> Goal of the exercise:
Set down exactly the lines from the one containing "Herewego!罗马诺:阿贾克斯中场肯尼思泰勒将加盟拉齐奥" through the last line of the records below, both included, and nothing else.

(Brief descriptive captions)
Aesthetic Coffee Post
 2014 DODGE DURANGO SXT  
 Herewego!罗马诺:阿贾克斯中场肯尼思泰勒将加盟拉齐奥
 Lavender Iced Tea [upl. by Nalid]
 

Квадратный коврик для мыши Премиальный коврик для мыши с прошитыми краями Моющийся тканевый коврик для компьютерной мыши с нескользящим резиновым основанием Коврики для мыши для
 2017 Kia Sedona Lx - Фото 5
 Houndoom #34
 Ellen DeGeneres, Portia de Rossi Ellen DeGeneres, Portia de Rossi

> Solution to this exercise:
 Herewego!罗马诺:阿贾克斯中场肯尼思泰勒将加盟拉齐奥
 Lavender Iced Tea [upl. by Nalid]
 

Квадратный коврик для мыши Премиальный коврик для мыши с прошитыми краями Моющийся тканевый коврик для компьютерной мыши с нескользящим резиновым основанием Коврики для мыши для
 2017 Kia Sedona Lx - Фото 5
 Houndoom #34
 Ellen DeGeneres, Portia de Rossi Ellen DeGeneres, Portia de Rossi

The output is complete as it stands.